Please include the following items in your post-lab write-up in addition to the deliverables mentioned in the *Policies and Procedures* document.

- 1. Include the source code with comments for **all** modules in lab. You do **not** have to include test bench code. Code without comments will not be accepted!
- 2. Include the simulation screenshots requested in the above experiments in addition to the corresponding test bench console output.
- 3. Answer <u>all</u> questions throughout the lab manual.
- 4. How does the gate-count of the 16-bit *carry-lookahead* adder compare to that of a ripple-carry adder of the same size?

5. How does the propagation delay of the 4-bit *carry-lookahead* adder compare to that of a ripple-carry adder of the same size. Similarly, how does the 16-bit *carry-lookahead* adder compare to that of a ripple-carry adder of the same size.

# 6 Important Student Feedback

The last part of lab requests your feedback. We are continually trying to improve the laboratory exercises to enhance your learning experience, and we are unable to do so without your feedback. Please include the following post-lab deliverables in your lab write-up.

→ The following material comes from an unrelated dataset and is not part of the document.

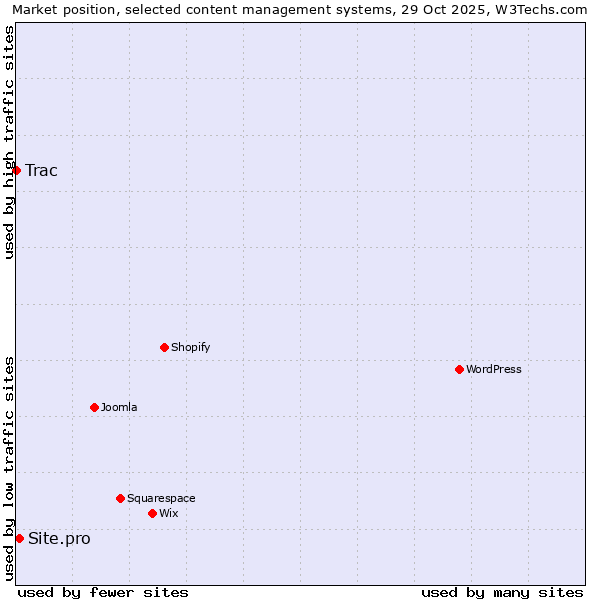 Market position of WordPress vs. Site.pro vs. Trac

**Note:** If you have any other comments regarding the lab that you wish to bring to your instructor's attention, please feel free to include them as well.

- 1. What did you like most about the lab assignment and why? What did you like least about it and why?
- 2. Were there any section of the lab manual that were unclear? If so, what was unclear? Do you have any suggestions for improving the clarity?
- 3. What suggestions do you have to improve the overall lab assignment?